D. The applicant’s undertaking furnished to the respondent in May 2018 to forward any offers to purchase the farms to her attorneys, at maritza@mblh.co.za , at least five days prior to acceptance thereof by him, is made an order of court until the final determination of the trial in this matter.

E. No order is made on the applicant’s application for an order in terms of Rule 33(4) dated 7 May 2018, save that the costs thereof are reserved for determination by the trial court.

F. The costs of the respondent’s counter application dated 24 May 2018 are reserved for determination by the trial court.

G. The Registrar of this Court is directed to afford the parties priority in relation to the set down of the further proceedings in this matter in accordance with the current protocols in operation in this Division.

H. The parties are authorised to request the Registrar to enroll any pre-trial procedures in terms of Rule 37(8) before Mr.
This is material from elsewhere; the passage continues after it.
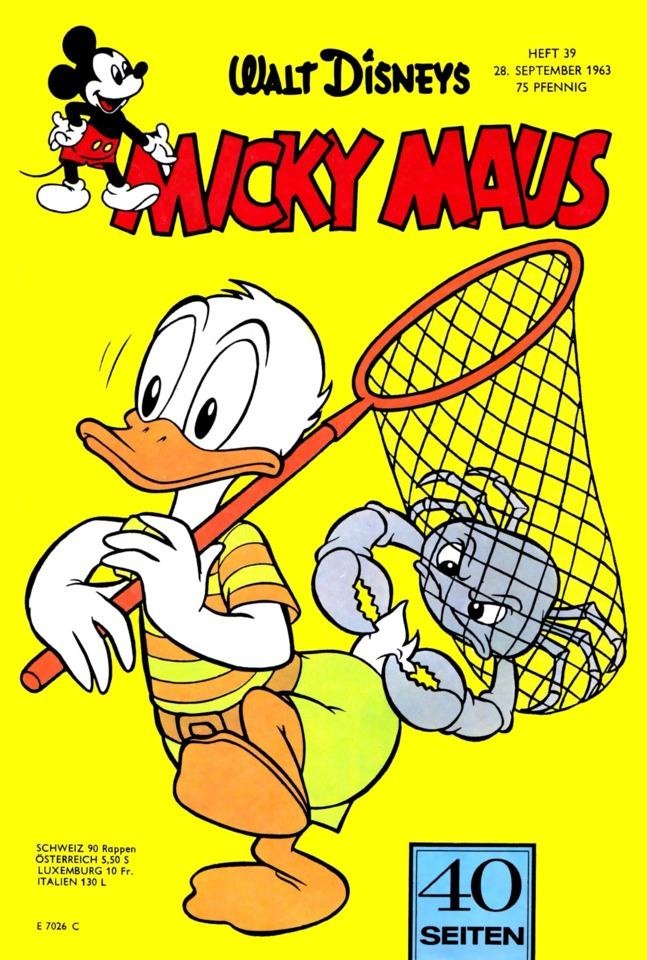 Micky Maus 196339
Justice Gamble, such proceedings to be dealt with by the Judge in chambers in consultation with the parties’ legal representatives.

 

 

                                                                                    __________________

                                                                                                GAMBLE, J

 

[1]3(1) At the dissolution of a marriage subject to the accrual system, by divorce or buy the death of one or both of the spouses, the spouse whose estate shows no accrual or a smaller accrual than the estate of the other spouse, or his estate if he is deceased, acquires a claim against the other spouse or his estate for an amount equal to half of the difference between the accrual of the respective estates of the spouses.

(2) Subject to the provisions of section 8(1), a claim in terms of subsection (1) arises at the dissolution of the marriage and the right of the spouse to share in terms of this Act in the accrual of the estate of the other spouse's during the subsistence of the marriage not transferable or liable to attachment, and does not form part of the insolvent estate of a spouse." (Emphasis added)

[2] Schwartz v Schwartz [1984] ZASCA 79; 1984 (4) SA 467 (A); Levy v Levy 1991 (3) SA 614 (A).

[3]Na aanhoor van die getuienis is ek oortuig dat die waarde van die plase tans onderskeidelik R36 miljoen en R6,3 miljoen is.” (Emphasis added)

[4] Denel (Edms) Bpk v Vorster 2004 (4) SA 481 (SCA) at [3]

[5] African Bank Ltd v Weiner and Others [2003[ 4 All SA 50 (C) at [33]

[6] Bertram v Wood 10 SC 177 at 180

[7] Bafokeng Tribe v Impala Platinum Ltd 1999 (3) SA 517 (B)

[8] Kommissaris van Binnelandse Inkomste v ABSA Bank Bpk 1995 (1) SA 653 (SCA)

[9] National Sorghum Breweries (Pty) Limited t/a Vivo African Breweries v International Liquor Distributors (Pty) Limited 2001 (2) SA 232 (SCA)

[10] It is common cause that the husband has been complying with an interim maintenance order issued in terms of Rule 43 and will continue to do so until this matter is finally resolved.

[11] David Hersch Organisation (Pty) Ltd and Another v ABSA Insurance Brokers (Pty) Ltd 1998 (4) SA 783 (T) at 787D.

[12]19.2 Die waarde van die onderskeie eiendomme ten einde die aanwas te bepaal.”